Reducing regional haze in scenic areas
We're working to improve visibility in national parks and wilderness areas. We monitor air quality and develop strategies for returning visibility to natural conditions by 2064. Our initial strategies focus on large industrial sources of air pollution and how forestry debris is burned.
Measurements show that visibility at Washington's scenic areas has improved over the past two decades.
Regional haze ruins our view
Have you ever looked out expecting to see a breathtaking view of Mount Rainier or the North Cascades, and been disappointed to see an ugly brown or white haze ruining the view? It's called "regional haze," and it's air pollution. Regional haze has reduced scenic views in national parks and wilderness areas from an average of 140 miles down to 35-90 miles in the Western U.S. In the Eastern U.S., visibility has decreased from an average of 90 miles down to 15-25 miles.
Haze is caused when tiny particles in the air absorb and scatter sunlight between the object we are looking at — such as Mount Rainier — and our eyes. More particles in the air means that more light is either absorbed or scattered, reducing the clarity and color of what we see.
Comparison of a clear day and regional haze.
Sources of fine particles
The particles that cause haze come from both natural and human-caused sources. Natural sources include windblown dust and soot from wildfires or other burning. Human-caused sources include motor vehicles, electric utilities, industrial fuel burning, and manufacturing operations. Haze from these sources can come from as far away as Asia. Some of the particles that cause haze are emitted directly to the air. Others are formed from gases, such as sulfur dioxide and nitrogen dioxide, that can be carried far from their original source. This is why haze is often seen in areas that don't have any major sources of air pollution.
Fine particles have also been linked to serious health problems and environmental damage.
The Federal Clean Air Act requires states to protect and improve visibility in national parks and wilderness areas. The Clean Air Act has a goal of returning visibility in these areas to natural conditions by the year 2064. Congress designated 156 national parks and wilderness areas as "mandatory federal Class 1 areas" where visibility is especially important. All states must submit plans to EPA to reduce air pollutants that affect visibility in their mandatory Class 1 areas.
Washington has eight Class 1 areas, totaling more than 3.3 million acres of land. They are:
- Alpine Lakes Wilderness area
- Glacier Peak Wilderness area
- Goat Rocks Wilderness area
- Mt. Adams Wilderness area
- Mt. Rainier National Park
- North Cascades National Park
- Olympic National Park
- Pasayten Wilderness area
Washington's eight Class 1 areas.
We measure visibility by collecting and analyzing particles in the air as part of the Interagency Monitoring of Protected Visual Environments (IMPROVE) monitoring network. We do this in partnership with the National Park Service and U.S. Forest Service. In Washington, there are nine IMPROVE monitoring sites. One 24-hour air sample is collected at each site every three days, providing up to 121 samples each year from each site.

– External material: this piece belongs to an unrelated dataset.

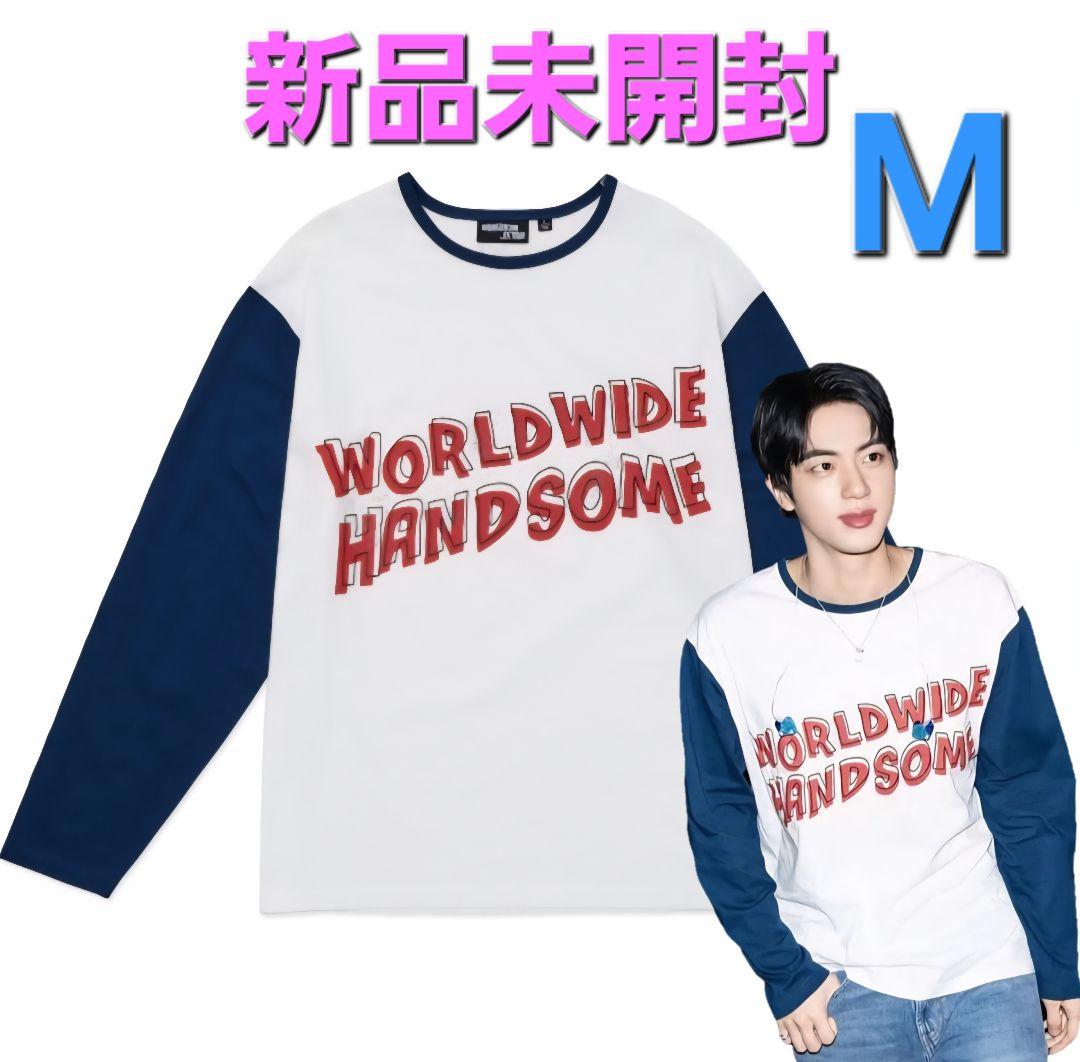 

[Б/У] Последняя из оригинальных футболок с длинным рукавом MBTS Jin из Сеула, Гояна, Корея.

Once the samples are collected, they are analyzed for substances such as sulfate, nitrate, carbon-containing particles, sea salt, and dirt and sand, all of which affect visibility. We calculate visibility based on the types and amounts of substances in the particles.
We show visibility in one of three ways:
- Visual range (the number of miles or kilometers the naked eye can see).

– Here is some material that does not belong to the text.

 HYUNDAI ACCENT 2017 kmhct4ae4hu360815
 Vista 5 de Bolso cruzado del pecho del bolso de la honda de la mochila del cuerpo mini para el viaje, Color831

- Deciviews (the number on a visibility index where the higher the number, the worse the visibility). A change in visibility of two deciviews can be noticed by the human eye.
- A measure of light scatter using an instrument such as a nephelometer.
Long-term monitoring trends suggest that visibility is improving somewhat at Washington's national parks and wilderness areas.
Regional Haze State Implementation Plan
A regional haze State Implementation Plan (SIP) was created in 2010 to define a strategy for improving visibility in our Class 1 Areas. Through the Western Regional Air Partnership, we worked closely with other states and organizations to write the SIP. This plan documented existing conditions and identified key sources of air pollution. The SIP noted that retrofitting emission technology at large industrial sources and existing federal and state controls are important for making reasonable progress by 2018. Updates to this strategy will occur periodically.
Haze reduction results
In 2011, as a result of a 2010 law (Chapter 80.80 RCW), a significant step was achieved in reducing regional haze when the TransAlta power plant in Centralia agreed to install nitrogen oxide reducing technology on two coal boilers.